AVAILABLE DATA:
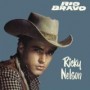 NELSON RICKY NELSON RICKY
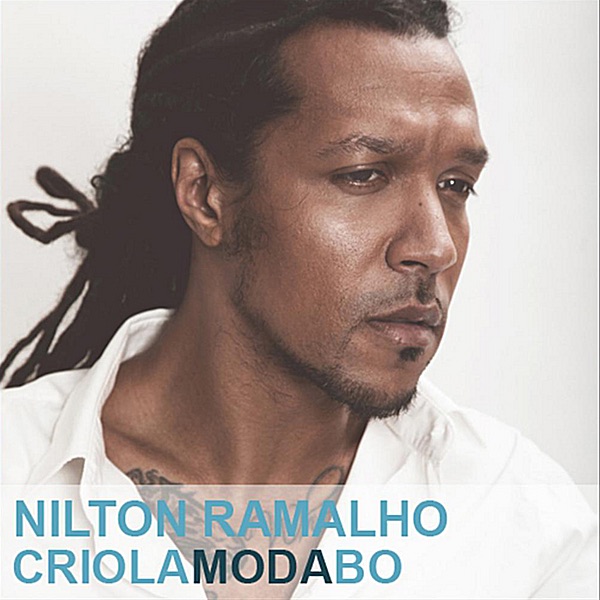Criola Moda Bo - Single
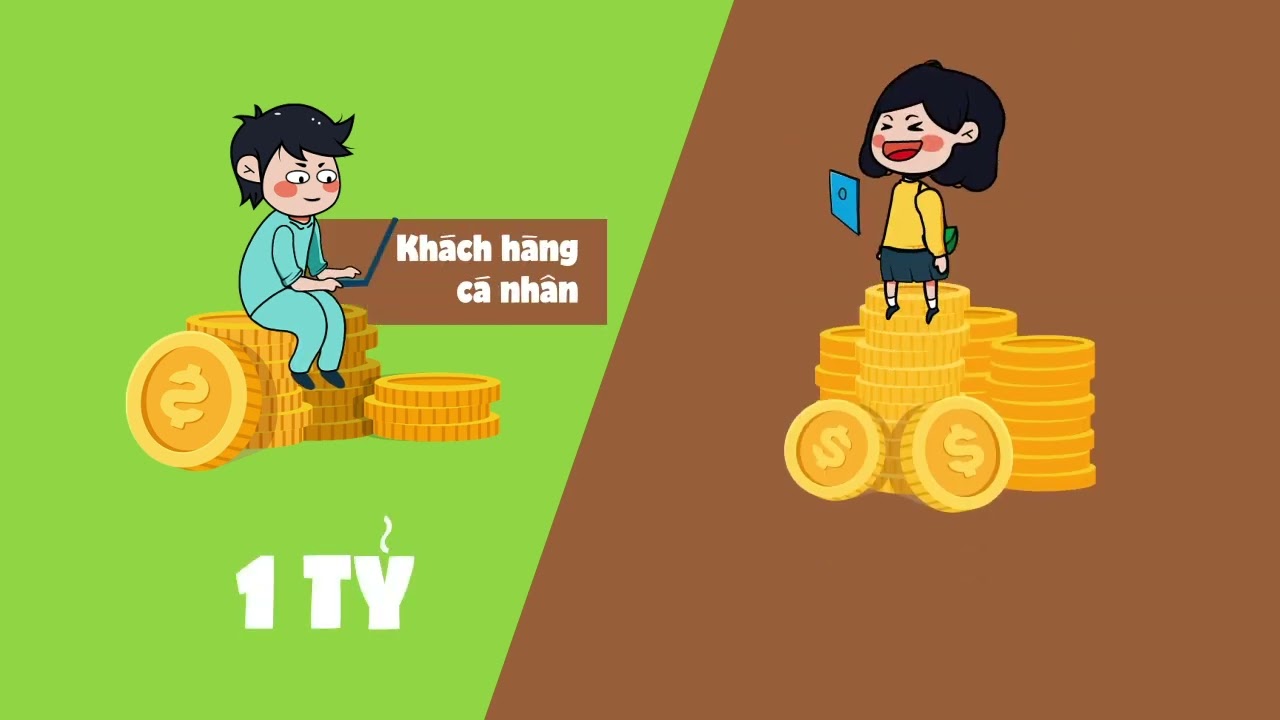Clip 5 SMART OTP L&Agrave; G&Igrave; V&Agrave; N&Oacute; AN TO&Agrave;N NHƯ THẾ N&Agrave;O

AIM OF THE TASK: Your copy of the data should match it exactly, apart from the images, which are omitted.

RESPONSE BELOW:
 NELSON RICKY NELSON RICKY
Criola Moda Bo - Single
Clip 5 SMART OTP L&Agrave; G&Igrave; V&Agrave; N&Oacute; AN TO&Agrave;N NHƯ THẾ N&Agrave;O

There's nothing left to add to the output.